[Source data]
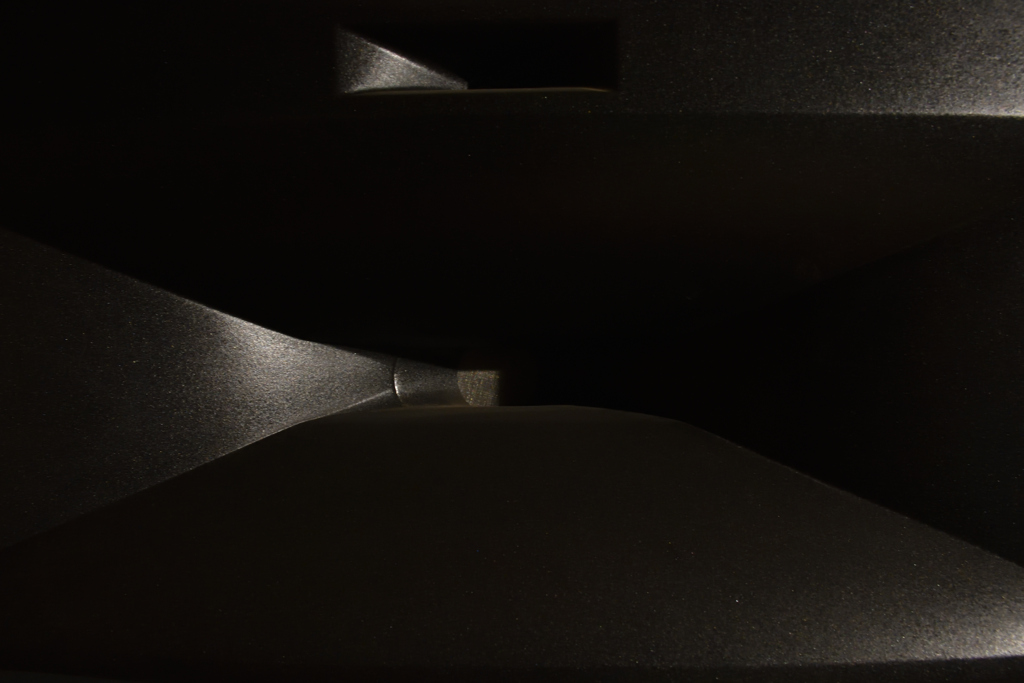 2020我が家にて４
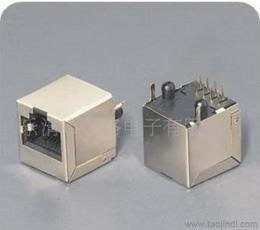 东莞rj45网络水晶头供应信息 东莞rj45网络水晶头批发 东莞rj45网络水晶头价格 找东莞rj45网络水晶头产品上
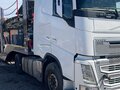 2017 Volvo FH 540, белый, 6425000 рублей - вид 1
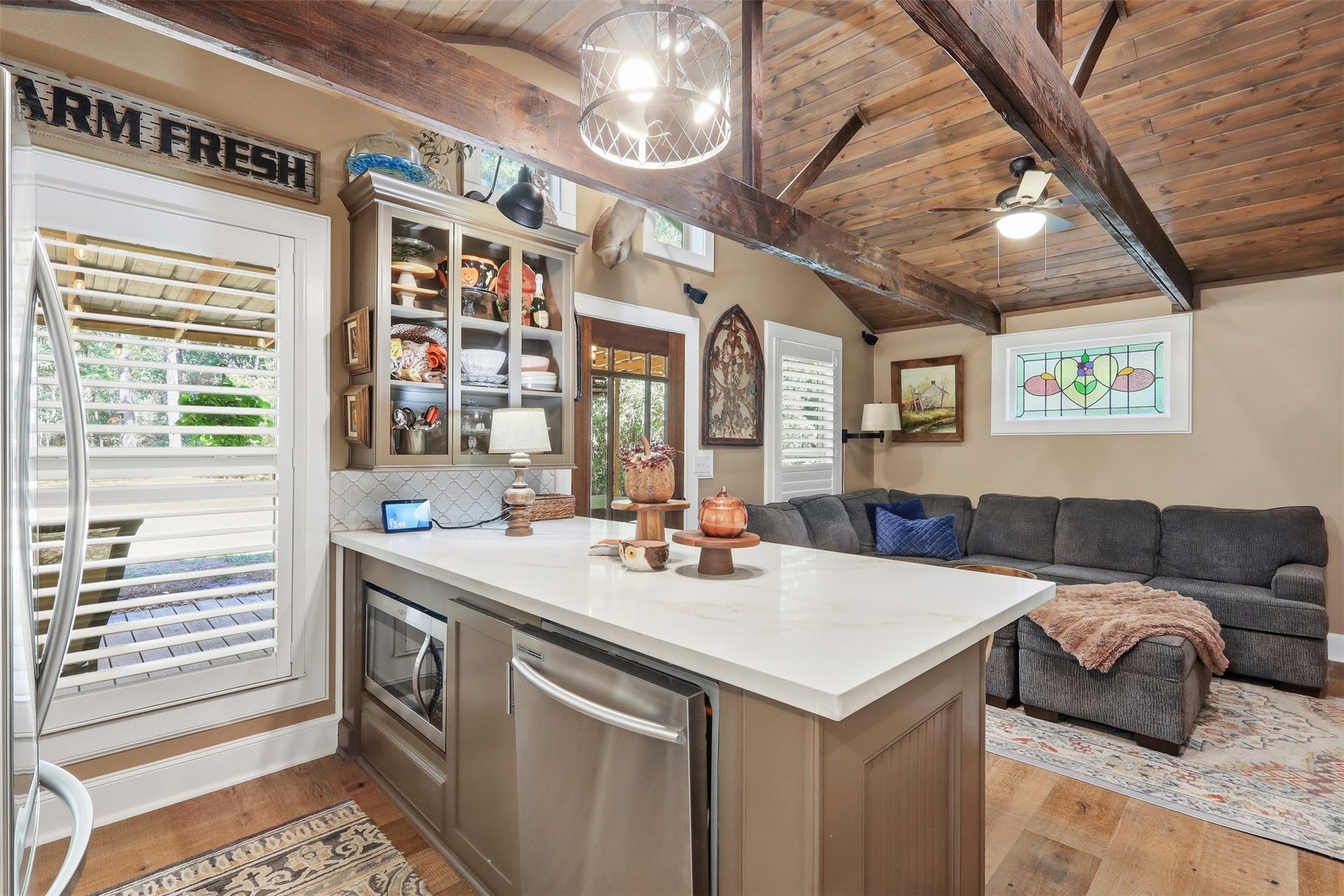 27896 Deer Run Street, Montgomery, TX 77356 27896 Deer Run Street, Montgomery, TX 77356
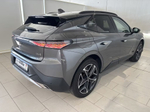 Citroën DS4 CROSS RIVOLI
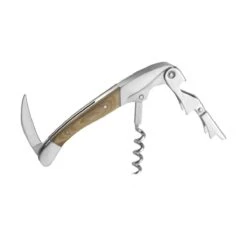 Barbera Proptrækker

**Problem statement**
Exactly repeat the data above; the pictures do not belong in your copy.

**Exercise result**
 2020我が家にて４
 东莞rj45网络水晶头供应信息 东莞rj45网络水晶头批发 东莞rj45网络水晶头价格 找东莞rj45网络水晶头产品上
 2017 Volvo FH 540, белый, 6425000 рублей - вид 1
 27896 Deer Run Street, Montgomery, TX 77356 27896 Deer Run Street, Montgomery, TX 77356
 Citroën DS4 CROSS RIVOLI
 Barbera Proptrækker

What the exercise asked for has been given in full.